*** Opening of RECORD EXCERPTS ***

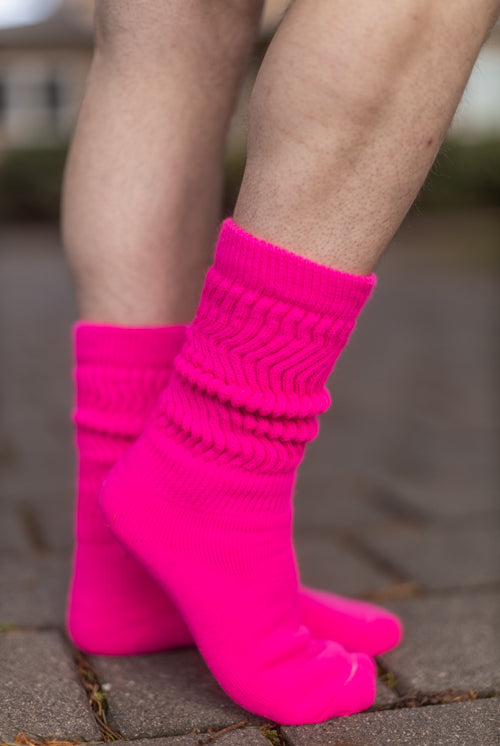 Cozy Slouch Socks - Neon Pink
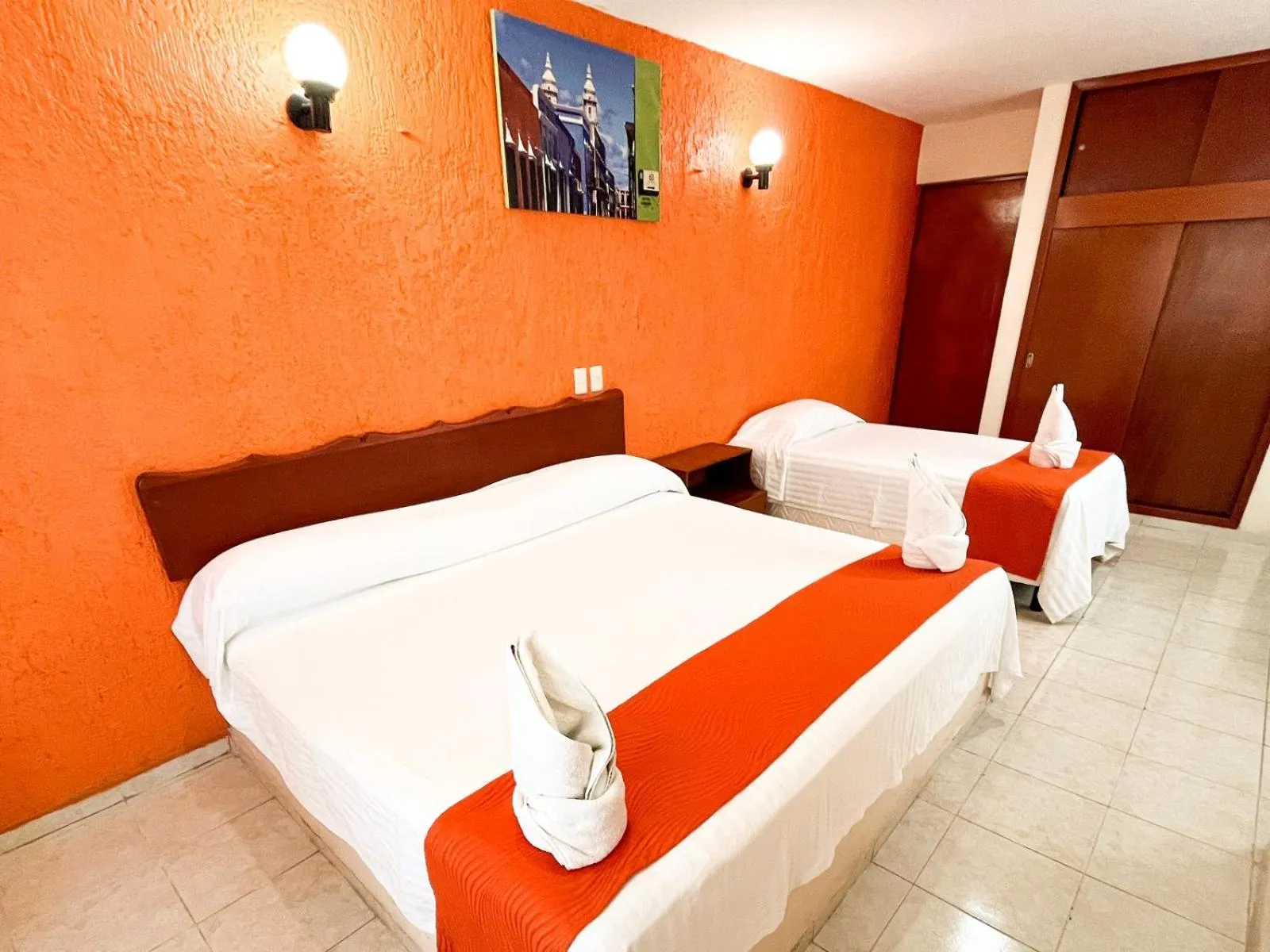 Bed in Hotel Uxulkah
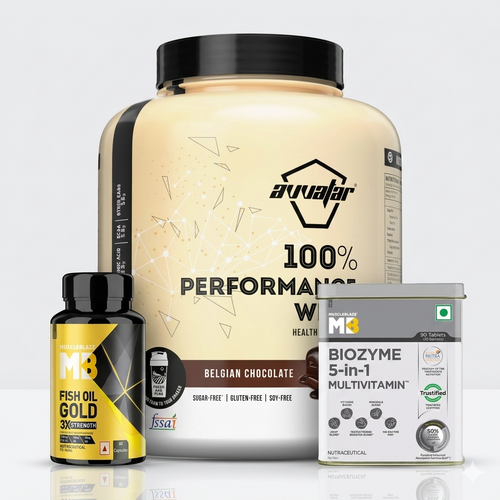 AVVATAR Performance Whey + Muscleblaze [ Multivitamin + Omega Triple strength [ 60 Tablets]] 24gram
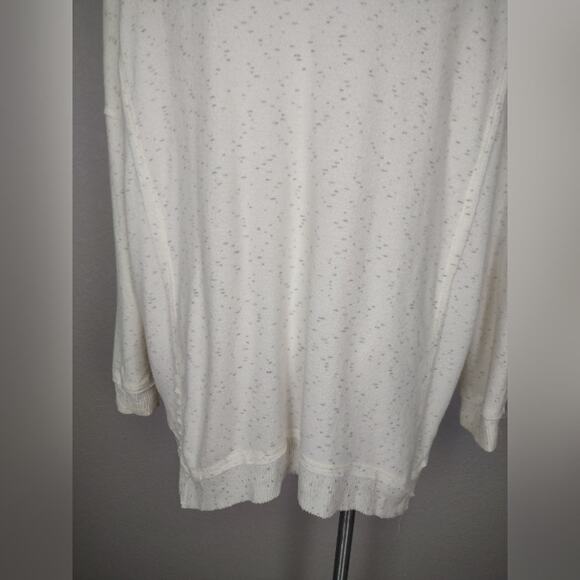 Knox Rose Sz XXL Oversized Pullover Cream V-neck Asymmetrical Raw Hem Sweater - Picture 5 of 13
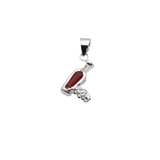 Sterling Silver Rhodium Plated Bottled Wine Charm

*** Close of RECORD EXCERPTS ***

* ABOUT THIS EXERCISE: What you return must match, line for line, the records from the line containing "Knox Rose Sz" through their end, with both ends included and no pictures.

* EXPECTED ANSWER:
 Knox Rose Sz XXL Oversized Pullover Cream V-neck Asymmetrical Raw Hem Sweater - Picture 5 of 13
 Sterling Silver Rhodium Plated Bottled Wine Charm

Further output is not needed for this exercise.